In üppiger Fülle entstehen Sonngard Marcks’ Teller, Platten und Gefäße, die bemalt sind mit Schnee- und Maiglöckchen, Stiefmütterchen, Mohn, Tulpen, Kirschblüten, Lilien, Schachbrettblumen, Zinnien, aber auch mit diversen Gemüsesorten: Paprika, Artischocken, Bohnen Fenchel, Pilze, Blumenkohl, Zucchiniblüten und Knoblauch, dann noch das Obst: Pfirsiche, Himbeeren, Kirschen, Zitronen – die Aufzählung ließe sich noch lange fortsetzen. Auf wohl jedem Gefäß finden sich aber auch Insekten aller Art: Käfer und Schmetterlinge unterschiedlicher Größen, Farben und Formen, selten auch Vögel.

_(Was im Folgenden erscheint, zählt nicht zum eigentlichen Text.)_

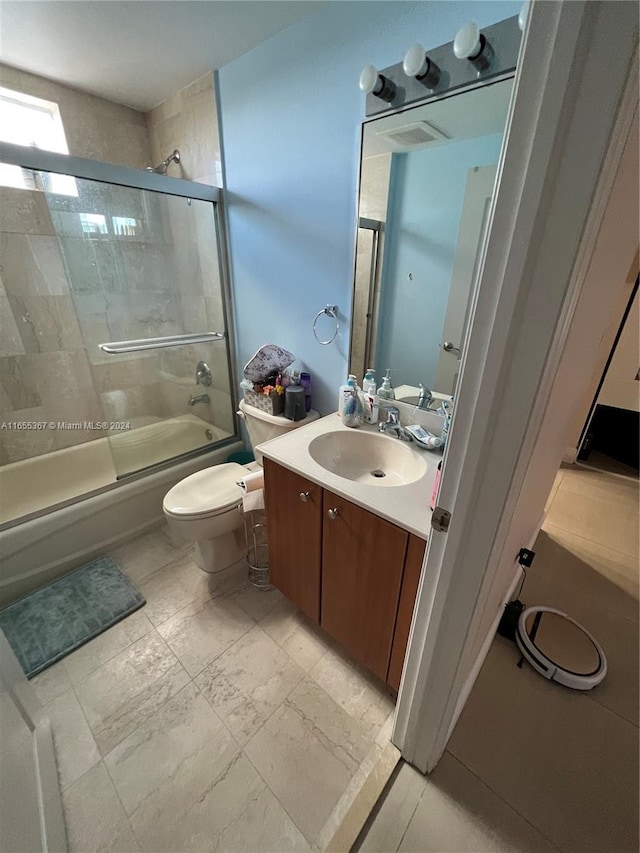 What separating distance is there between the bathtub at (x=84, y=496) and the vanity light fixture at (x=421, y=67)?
6.74 ft

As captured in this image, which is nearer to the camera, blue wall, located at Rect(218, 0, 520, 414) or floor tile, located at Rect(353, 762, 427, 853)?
floor tile, located at Rect(353, 762, 427, 853)

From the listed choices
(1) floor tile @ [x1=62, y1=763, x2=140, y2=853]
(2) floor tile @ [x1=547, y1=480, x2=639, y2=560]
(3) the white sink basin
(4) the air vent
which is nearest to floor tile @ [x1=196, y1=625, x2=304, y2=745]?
(1) floor tile @ [x1=62, y1=763, x2=140, y2=853]

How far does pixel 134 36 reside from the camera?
4.51 ft

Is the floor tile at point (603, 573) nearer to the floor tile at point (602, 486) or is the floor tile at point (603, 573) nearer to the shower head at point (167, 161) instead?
the floor tile at point (602, 486)

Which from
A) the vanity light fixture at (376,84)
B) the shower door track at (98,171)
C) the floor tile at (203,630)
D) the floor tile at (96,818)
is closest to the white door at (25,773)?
the floor tile at (96,818)

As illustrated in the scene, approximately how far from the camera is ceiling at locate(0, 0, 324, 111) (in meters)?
1.22

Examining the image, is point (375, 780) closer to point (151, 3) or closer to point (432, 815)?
point (432, 815)

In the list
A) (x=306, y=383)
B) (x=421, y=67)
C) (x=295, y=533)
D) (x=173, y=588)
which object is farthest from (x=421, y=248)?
(x=173, y=588)

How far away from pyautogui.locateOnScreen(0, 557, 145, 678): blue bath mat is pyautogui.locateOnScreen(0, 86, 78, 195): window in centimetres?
191

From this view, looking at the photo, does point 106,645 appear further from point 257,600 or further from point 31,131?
point 31,131

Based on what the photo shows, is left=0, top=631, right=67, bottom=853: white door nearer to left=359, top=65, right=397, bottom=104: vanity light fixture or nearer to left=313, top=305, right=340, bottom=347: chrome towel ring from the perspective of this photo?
left=313, top=305, right=340, bottom=347: chrome towel ring

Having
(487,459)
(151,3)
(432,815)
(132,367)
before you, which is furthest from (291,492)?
(151,3)

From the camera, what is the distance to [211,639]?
141cm

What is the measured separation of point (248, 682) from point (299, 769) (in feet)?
1.04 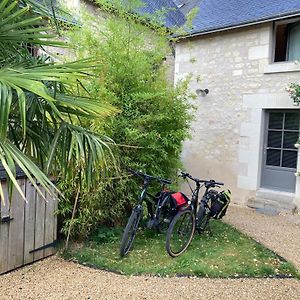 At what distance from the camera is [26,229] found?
405cm

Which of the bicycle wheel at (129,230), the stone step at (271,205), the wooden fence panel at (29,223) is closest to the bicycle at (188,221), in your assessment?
the bicycle wheel at (129,230)

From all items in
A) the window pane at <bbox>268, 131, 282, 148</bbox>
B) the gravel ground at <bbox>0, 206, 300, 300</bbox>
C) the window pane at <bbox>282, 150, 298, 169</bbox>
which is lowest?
the gravel ground at <bbox>0, 206, 300, 300</bbox>

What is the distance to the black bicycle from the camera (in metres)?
4.14

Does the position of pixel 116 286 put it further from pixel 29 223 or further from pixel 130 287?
pixel 29 223

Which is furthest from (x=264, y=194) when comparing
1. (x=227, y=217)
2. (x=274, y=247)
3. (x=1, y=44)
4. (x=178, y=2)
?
(x=178, y=2)

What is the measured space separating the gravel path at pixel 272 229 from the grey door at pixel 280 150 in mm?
781

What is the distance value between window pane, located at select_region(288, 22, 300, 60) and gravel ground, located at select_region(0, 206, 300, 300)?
4.51m

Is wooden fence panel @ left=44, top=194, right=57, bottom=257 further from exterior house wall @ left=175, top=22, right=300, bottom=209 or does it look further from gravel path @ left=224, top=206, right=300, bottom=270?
exterior house wall @ left=175, top=22, right=300, bottom=209

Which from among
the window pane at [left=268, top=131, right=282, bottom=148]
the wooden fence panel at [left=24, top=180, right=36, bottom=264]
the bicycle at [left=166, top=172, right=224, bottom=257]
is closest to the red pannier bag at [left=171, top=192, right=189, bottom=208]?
the bicycle at [left=166, top=172, right=224, bottom=257]

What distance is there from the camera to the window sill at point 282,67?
6.63 meters

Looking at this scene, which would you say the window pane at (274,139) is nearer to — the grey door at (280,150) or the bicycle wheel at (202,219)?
the grey door at (280,150)

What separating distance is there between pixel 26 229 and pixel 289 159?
535 centimetres

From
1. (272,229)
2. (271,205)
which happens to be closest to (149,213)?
(272,229)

All diese Pflanzen und Insekten sind auf das feinste in einer sehr detaillierten, graphischen Manier auf die Gefäße gezeichnet. Vielen der Blüten, Zweige und Früchte ist dabei eine gewisse „Schielische Knorzeligkeit“ eigen, die ein Gefühl von Glätte nicht aufkommen lässt. Die Unzahl von Details zwingt zum genauen Hinsehen und so entdeckt man immer wieder besonders schöne Partien wie Überschneidungen oder graphische Strukturen. Es ist einfach herrlich, wie die langen grünen Bohnen an- und abschwellen, sich die Fäden der Zucchinipflanzen und Wicken um andere Stengel winden oder die Kirschstiele aus dem kleinen hölzernen Stielansatz sprießen.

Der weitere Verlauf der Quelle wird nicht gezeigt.